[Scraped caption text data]
######

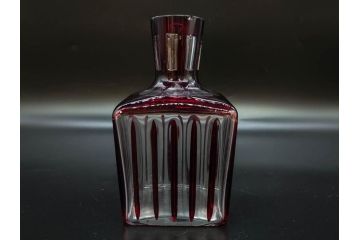 昭和初期　切子　色被せガラス　赤　空間に品格をもたらす水差し&グラスセット(コップ、冠水瓶、ピッチャー、硝子、和ガラス)(R-082891)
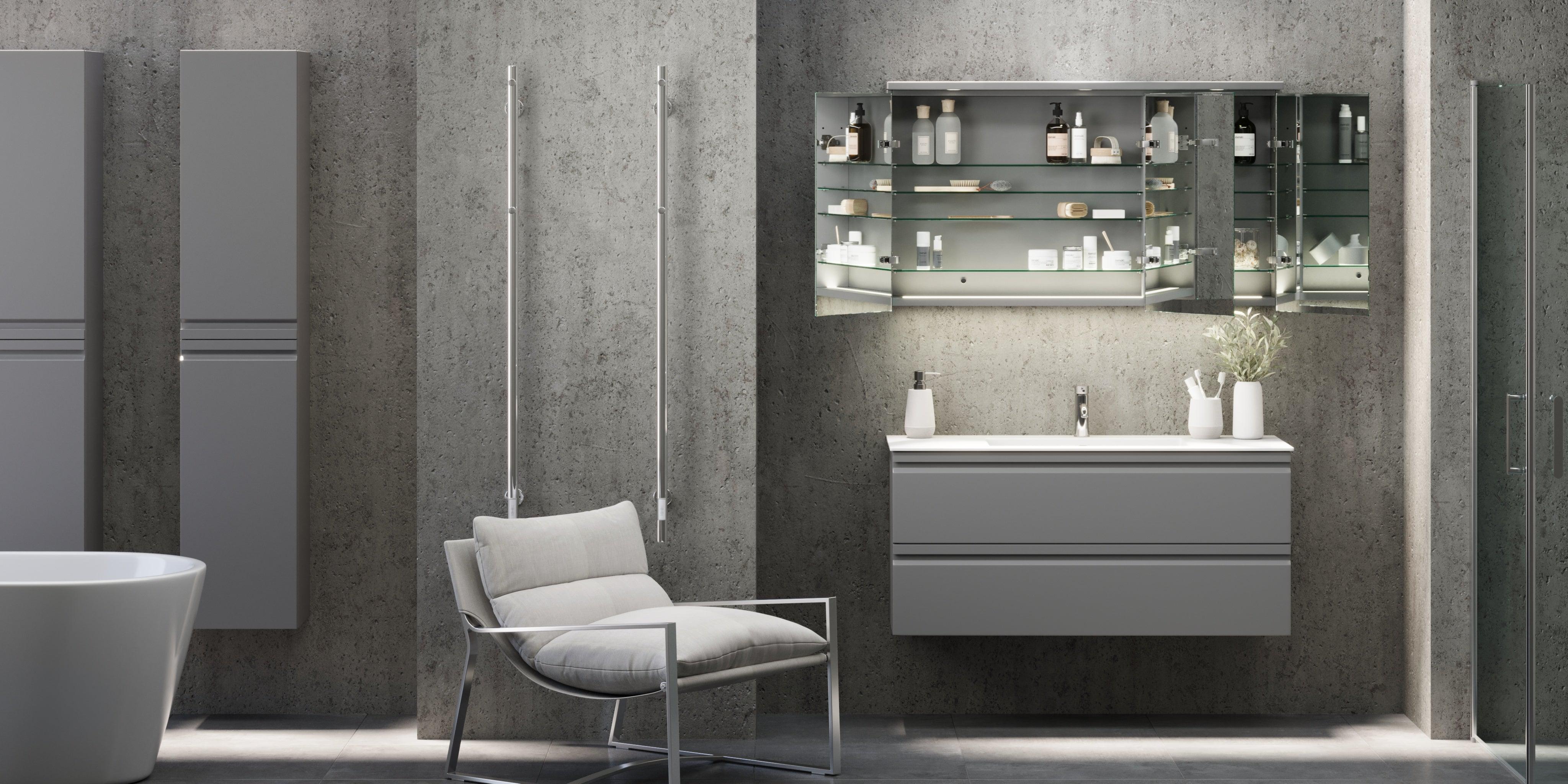 Fjäll LED Spegelskåp med Rund Topppanel, mattgrå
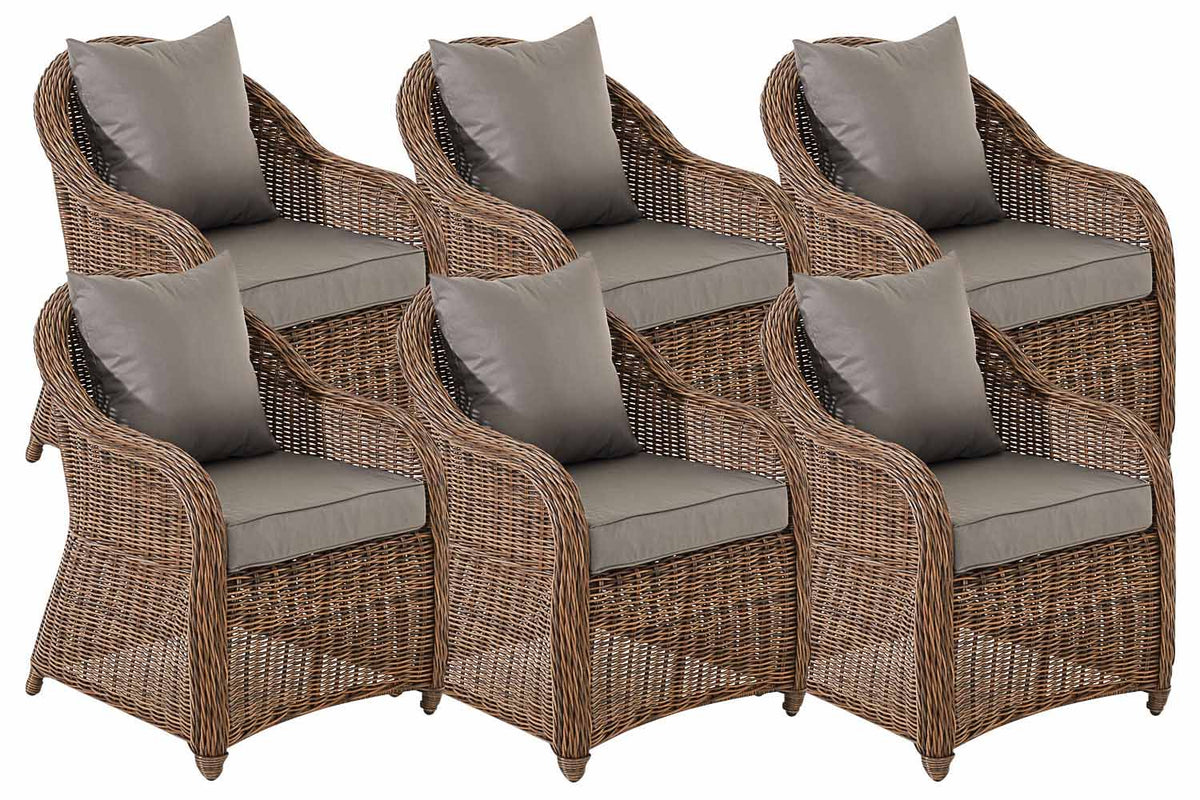 6-delige set fauteuils Stavanger ijzergrijs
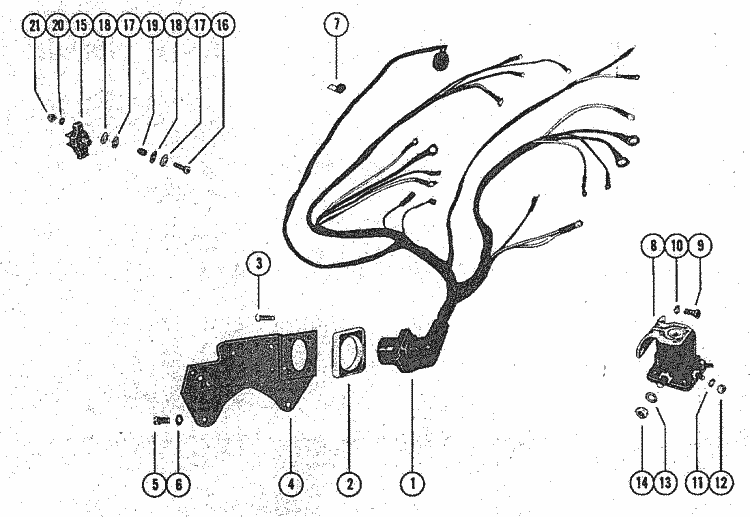 MerCruiser 280 TRS GM 350 V-8 1975-1976 Wiring Harness, Circuit Breaker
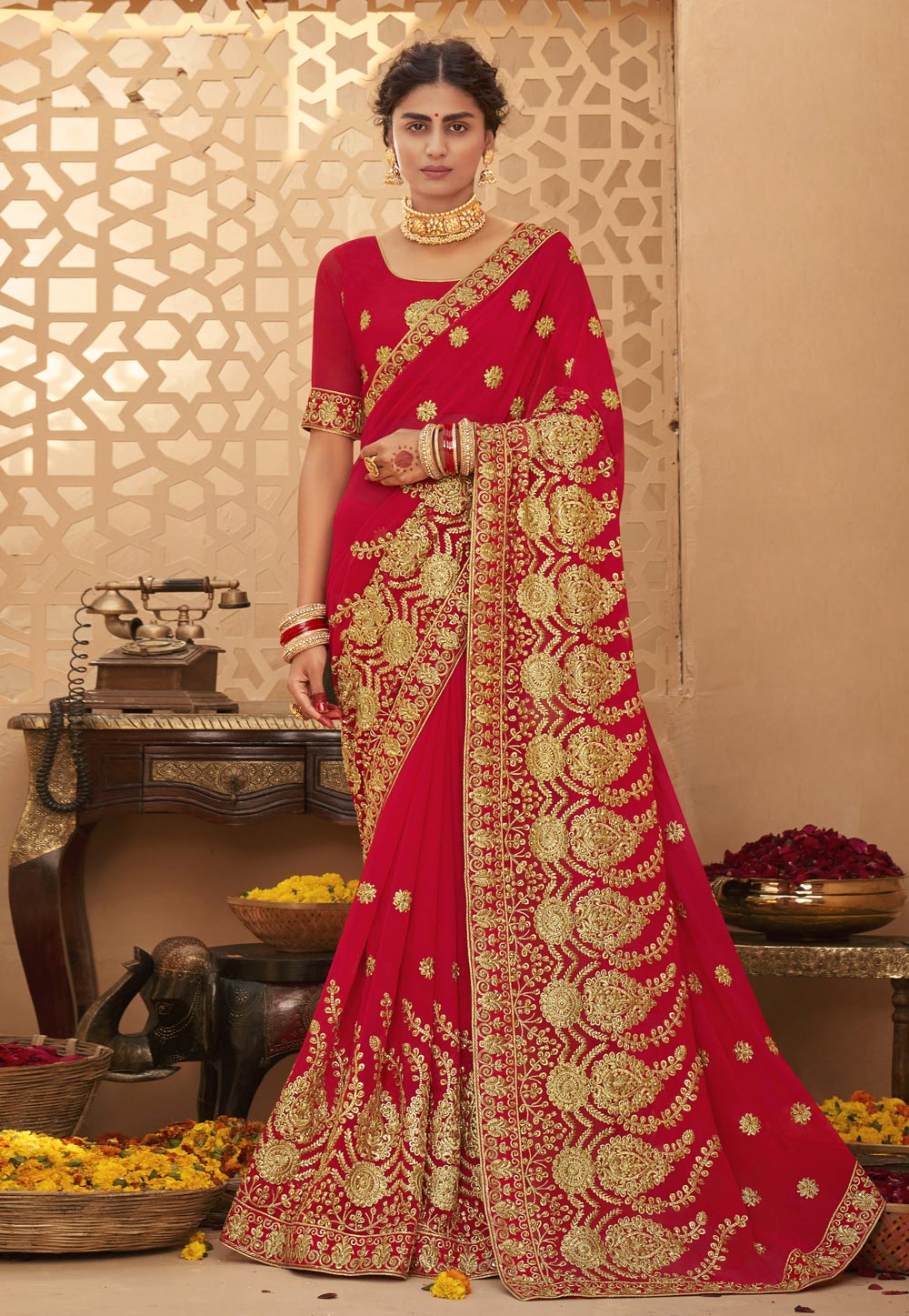 Red Georgette Saree With Blouse 222982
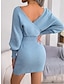 cheap Sweater Dresses-Women&#039;s Sweater Dress Knit Dress Jumper Dress Mini Dress Knitwear Warm Fashion Pure Color Outdoor Casual Daily Going out Surplice Neck Long Sleeve Ruched 2023 Regular Fit Black White Blue S M L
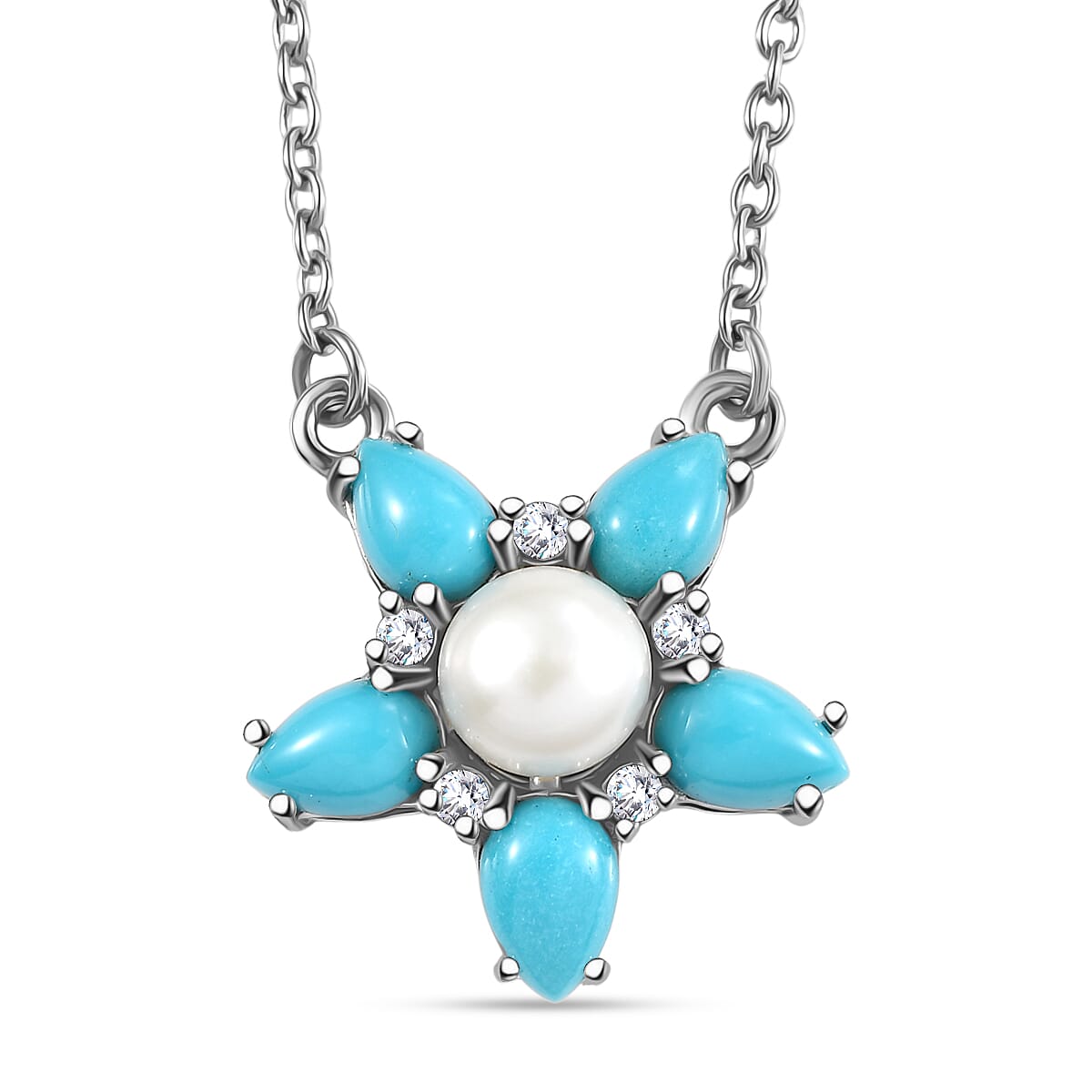 D'joy Sleeping Beauty Turquoise, Fresh Water Pearl and White Zircon Floral Necklace (Size - 20) with Lobster Clasp in Platinum Overlay Sterling Silver 3.49 Ct. 8223688 0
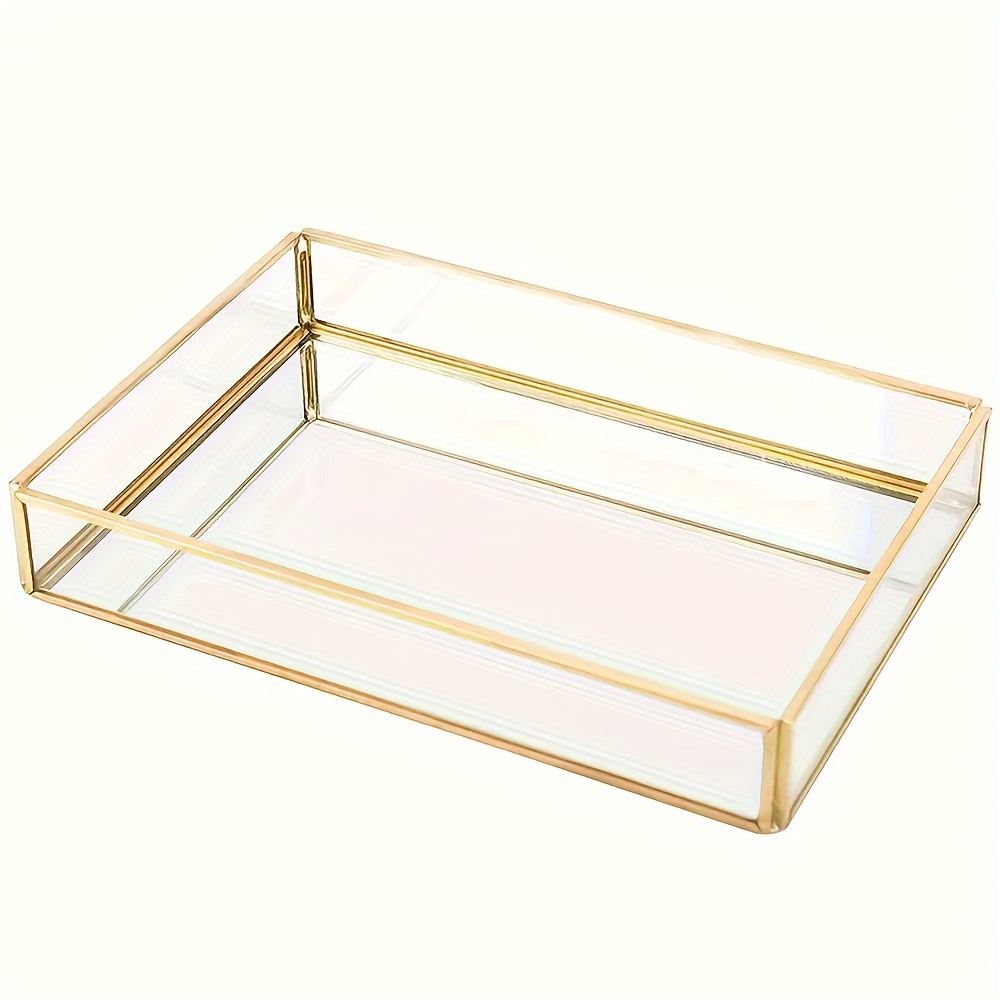 

Elegant Glass Storage Tray, Multifunctional Jewelry, Cosmetics And Souvenir Organizer, Brass Structure, Storage Bins For Home Organization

######

__What to work on__
Copy the entries exactly. No pictures.

__Expected answer__
 昭和初期　切子　色被せガラス　赤　空間に品格をもたらす水差し&グラスセット(コップ、冠水瓶、ピッチャー、硝子、和ガラス)(R-082891)
 Fjäll LED Spegelskåp med Rund Topppanel, mattgrå
 6-delige set fauteuils Stavanger ijzergrijs
 MerCruiser 280 TRS GM 350 V-8 1975-1976 Wiring Harness, Circuit Breaker
 Red Georgette Saree With Blouse 222982
 cheap Sweater Dresses-Women&#039;s Sweater Dress Knit Dress Jumper Dress Mini Dress Knitwear Warm Fashion Pure Color Outdoor Casual Daily Going out Surplice Neck Long Sleeve Ruched 2023 Regular Fit Black White Blue S M L
 D'joy Sleeping Beauty Turquoise, Fresh Water Pearl and White Zircon Floral Necklace (Size - 20) with Lobster Clasp in Platinum Overlay Sterling Silver 3.49 Ct. 8223688 0

Elegant Glass Storage Tray, Multifunctional Jewelry, Cosmetics And Souvenir Organizer, Brass Structure, Storage Bins For Home Organization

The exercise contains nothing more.